Le géant du stockage a enregistré en 2001 des résultats financiers catastrophiques. Pour sortir de cette année noire, il joue l’ouverture et lance un middleware capable de superviser des baies multifournisseurs.

Pas une semaine depuis septembre sans qu’EMC ne fasse parler de lui. Dernier événement en date : le géant du stockage se dit prêt à s’ouvrir aux matériels de ses concurrents. Une annonce “révolutionnaire”, EMC étant réputé pour ses pratiques très propriétaires. En tout cas, cette annonce vient à point nommé après la tourmente que l’entreprise vient de traverser.Depuis le début de l’année, le monde semble, en effet, s’écrouler autour d’EMC : les alliances stratégiques entre constructeurs tendent à le marginaliser. Ainsi, HDS (Hitachi Data Systems) a signé avec Sun et a réitéré ses accords OEM avec HP. Par ailleurs, la nouvelle gamme de baies Symmetrix d’EMC intègre une technologie vieillissante comparée à celle proposée par HDS. Enfin, l’entreprise a reçu une gifle monumentale lors du dernier semestre, en annonçant une perte d’un milliard de dollars. Depuis douze ans, elle n’avait jamais connu le rouge.

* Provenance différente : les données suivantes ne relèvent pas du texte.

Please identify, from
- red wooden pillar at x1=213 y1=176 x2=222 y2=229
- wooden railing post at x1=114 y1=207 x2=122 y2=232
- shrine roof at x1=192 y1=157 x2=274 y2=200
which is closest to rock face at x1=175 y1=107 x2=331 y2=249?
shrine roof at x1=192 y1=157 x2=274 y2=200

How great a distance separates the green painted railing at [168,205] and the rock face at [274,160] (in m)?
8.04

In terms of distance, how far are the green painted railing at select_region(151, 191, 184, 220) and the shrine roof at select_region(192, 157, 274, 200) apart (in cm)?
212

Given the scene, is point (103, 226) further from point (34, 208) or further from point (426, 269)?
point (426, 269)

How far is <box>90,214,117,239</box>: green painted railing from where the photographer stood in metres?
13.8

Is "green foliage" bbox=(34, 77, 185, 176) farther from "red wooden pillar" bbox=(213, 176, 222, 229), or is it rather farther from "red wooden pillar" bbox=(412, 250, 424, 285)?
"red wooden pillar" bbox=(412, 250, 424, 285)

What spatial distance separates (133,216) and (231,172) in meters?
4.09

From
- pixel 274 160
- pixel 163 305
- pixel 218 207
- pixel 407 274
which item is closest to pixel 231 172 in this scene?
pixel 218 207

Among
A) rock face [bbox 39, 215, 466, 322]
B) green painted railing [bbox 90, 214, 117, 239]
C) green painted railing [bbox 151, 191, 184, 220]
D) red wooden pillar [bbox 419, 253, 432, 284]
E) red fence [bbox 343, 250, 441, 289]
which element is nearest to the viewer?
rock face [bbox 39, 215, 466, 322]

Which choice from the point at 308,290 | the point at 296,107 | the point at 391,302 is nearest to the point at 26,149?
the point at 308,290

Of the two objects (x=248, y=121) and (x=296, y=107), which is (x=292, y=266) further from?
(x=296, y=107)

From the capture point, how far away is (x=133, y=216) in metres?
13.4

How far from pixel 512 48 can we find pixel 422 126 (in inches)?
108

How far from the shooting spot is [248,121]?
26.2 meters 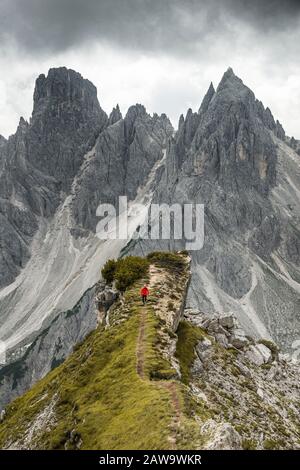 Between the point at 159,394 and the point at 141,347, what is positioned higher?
the point at 141,347

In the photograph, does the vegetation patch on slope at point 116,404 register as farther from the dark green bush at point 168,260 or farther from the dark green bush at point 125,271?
the dark green bush at point 168,260

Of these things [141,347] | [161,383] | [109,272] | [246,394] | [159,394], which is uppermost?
[109,272]

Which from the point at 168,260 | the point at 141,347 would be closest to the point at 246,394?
the point at 141,347

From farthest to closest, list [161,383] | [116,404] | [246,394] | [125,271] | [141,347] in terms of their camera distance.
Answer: [125,271] < [246,394] < [141,347] < [161,383] < [116,404]

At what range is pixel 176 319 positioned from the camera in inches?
1480

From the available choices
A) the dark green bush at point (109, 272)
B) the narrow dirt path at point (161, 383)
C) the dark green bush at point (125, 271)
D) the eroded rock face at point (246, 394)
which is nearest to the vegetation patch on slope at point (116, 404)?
the narrow dirt path at point (161, 383)

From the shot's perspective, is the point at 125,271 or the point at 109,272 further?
the point at 109,272

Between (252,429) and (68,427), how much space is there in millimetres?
10086

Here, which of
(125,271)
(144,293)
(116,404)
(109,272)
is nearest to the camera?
(116,404)

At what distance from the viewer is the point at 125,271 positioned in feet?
145

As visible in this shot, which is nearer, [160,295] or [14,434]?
[14,434]

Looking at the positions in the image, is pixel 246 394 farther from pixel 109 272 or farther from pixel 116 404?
pixel 109 272

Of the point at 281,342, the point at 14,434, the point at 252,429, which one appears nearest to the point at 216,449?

Nouveau venu, il avait misé sur l’innovation

Comment expliquer une année aussi cauchemardesque ? Il semblerait, de prime abord, que les facteurs qui avaient fait le succès d’EMC dans les années quatre-vingt-dix ne soient plus au rendez-vous. IBM était alors le leader incontesté dans le monde des mainframes et de leurs périphériques. Progressivement, le géant s’est fait damer le pion dans le stockage par un nouveau venu, EMC. La partie a été remportée grâce à l’innovation technologique, à une politique de prix extrêmement agressive et à l’image arrogante d’IBM. L’innovation, parce qu’EMC a su, le premier, commercialiser des unités externes de stockage performantes, peu encombrantes et fiables. Dans un premier temps, celles-ci prenaient l’aspect d’une grosse mémoire électronique avec sauvegarde sur batterie. Ce dispositif, qui restait très cher, multipliait par cinq cents les performances des disques proposés par IBM, HDS ou Memorex dans les environnements grand système (des disques de 60 cm de diamètre pour une capacité de 2,9 Go environ). Résultat, les unités d’EMC se sont vendues comme des petits pains. Mais c’est véritablement l’année 1994 qui consacrera son succès.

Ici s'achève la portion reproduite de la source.